Indeed, when Pomerol Partners refers to the third part of the reactive iteration phase as “challenge the infrastructure”, what is meant here is that the front office does not throw their business logic and data over the IT fence but regains, and then retains, ownership of both. That is why having key business personnel championing the dashboards is vital.
“This is another fundamental step which the front office needs to take towards the data age. An organisation’s IT strategy, including the choice, evaluation and adoption of new technologies, should be challenged from a business perspective. It is also a cultural shift which will enable trading desks to operate more like technology start-ups than slow adopters of progress and change,” opines van Rooyen.

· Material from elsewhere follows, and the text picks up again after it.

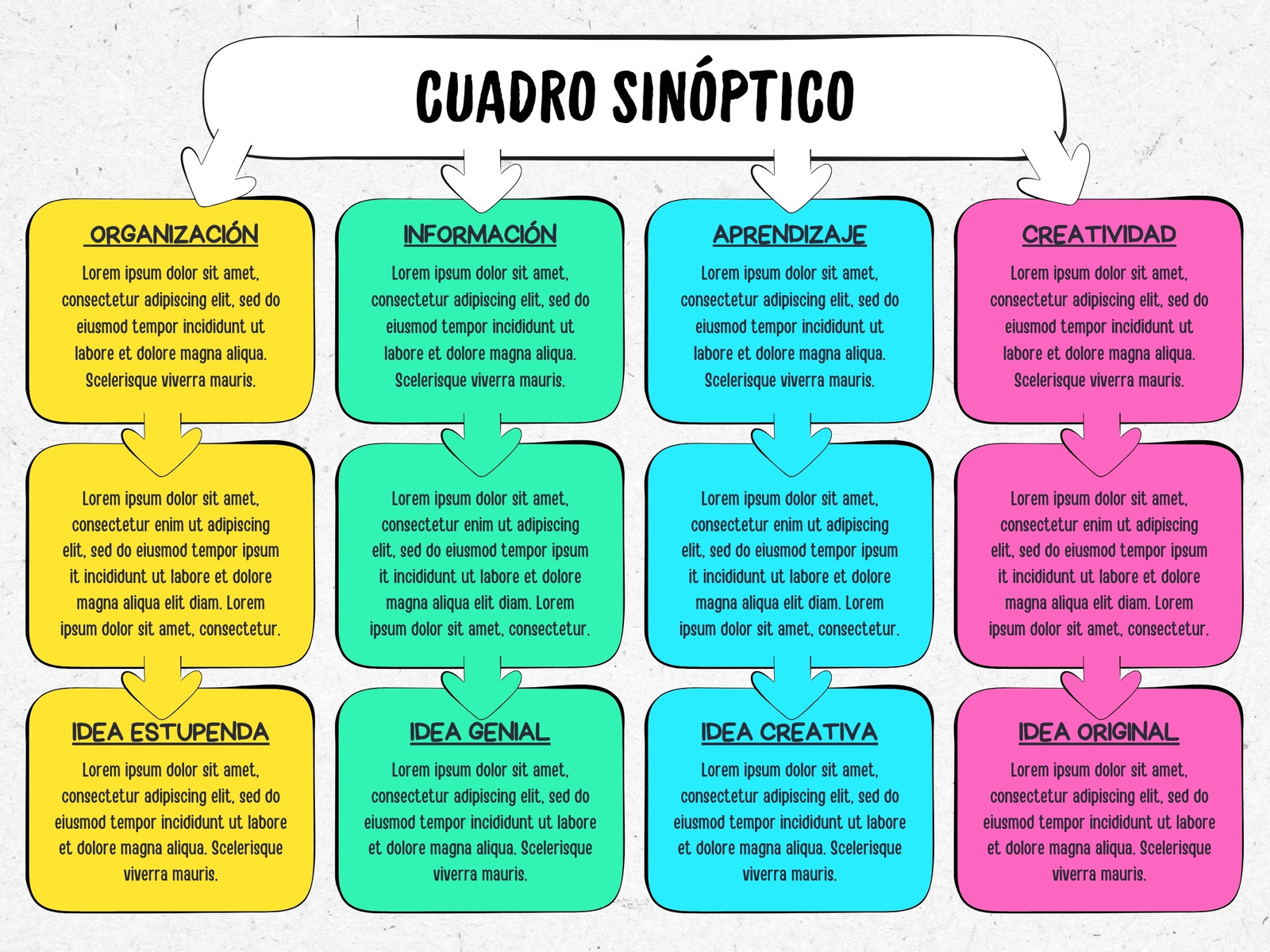 Gráfico Comparativo de Cuadro Sinóptico a Mano Sencillo Multicolor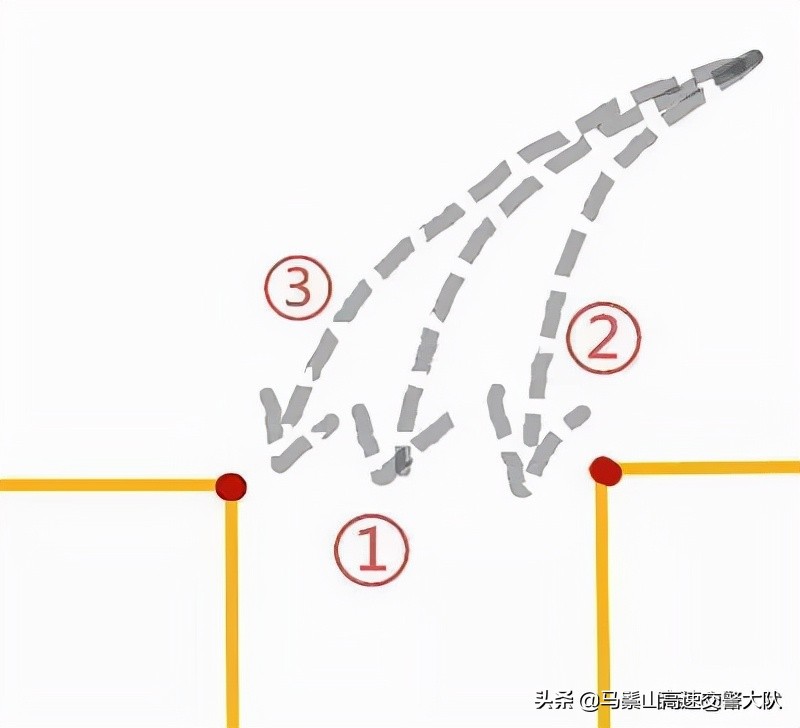 倒车入库一把过很容易，老司机图文并茂详细讲解操作技巧，实用！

As Hefer concludes: “Our white paper attempts to show firms how to fix their technology. To achieve the transformation in their infrastructure so that they can make proactive decisions rather than being reactive. We have the ability to align a firm’s technologies. We want to show how to take a current liability and turn it into an asset that can deliver a competitive commercial advantage.”
To read Pomerol Partners’ white paper in full, please click here
Embedding dashboards into a prime broker’s CRM application
One of Pomerol Partners’ prime brokerage clients embedded financial dashboards into their client relationship management application, which enables their reps to access the dashboards via their mobile devices. In this particular example, the client rep was called in to discuss a reduction in the Euro pricing for one of the client’s flagship funds. Using the dashboard they calculated the yearly P&L impact of a 2.5 bps discount on a 3 per cent increasing balance.
Additionally, the dashboard highlighted that the bank had a more favourable margin on Dollar based funding. They instantly granted the discount on the premise that the hedge fund would increase their Dollar balances by USD275m on their North American value fund – allowing the prime broker to term the funding. The increased Dollar balances more than offset the initial Euro discount – resulting in a saving for the client, more P&L for the prime broker with the only loser being the prime broker’s competitors for the Dollar balances.
The dashboards enabled the rep to do this all whilst on-site at the client – something that would normally take at least a few hours to turn around.